Paul a quelques démêlés avec son envahissant voisin, Tonio, qui, bien qu'Italien, ne lui parle qu'en anglais, a une vie réglée comme du papier à musique et un jardin semblable un parc. Aucun des « cadeaux » de Tonio n'est désintéressé. En échange d'une bouture, Paul doit élaguer un arbre qui fait de l'ombre aux tomates, reculer une haie que Tonio juge trop touffue, ou d'autres choses encore. Autant chez Tonio tout est pimpant et florissant, autant chez Paul tout périclite : jamais l'eau de la piscine ne deviendra claire et le vieux pommier ne sera bientôt plus qu'un tas de bois à brûler.
Paul peste contre les téléphones, smartphones et autre iPads qui empêchent les gens de communiquer. Tout le monde parle, mais pas à lui.
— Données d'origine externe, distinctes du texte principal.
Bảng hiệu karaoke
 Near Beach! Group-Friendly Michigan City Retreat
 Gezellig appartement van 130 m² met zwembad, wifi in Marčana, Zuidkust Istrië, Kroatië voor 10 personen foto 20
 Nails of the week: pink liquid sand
Le livre s'ouvre sur deux pages bizarres où douze vignettes présentent le même oiseau immobile, que Paul compare à un « croisement entre un pingouin et une mouette » et se ferme par treize pages blanches, ne comportant qu'un seul dessin et qui apportent une touche finale de poésie et d'espoir.
C'est un album aigre-doux que j'ai eu envie de lire après le passage de l'auteur à « La librairie francophone ». J'y ai retrouvé pas mal de situations vécues et bien observées et il m'a plu.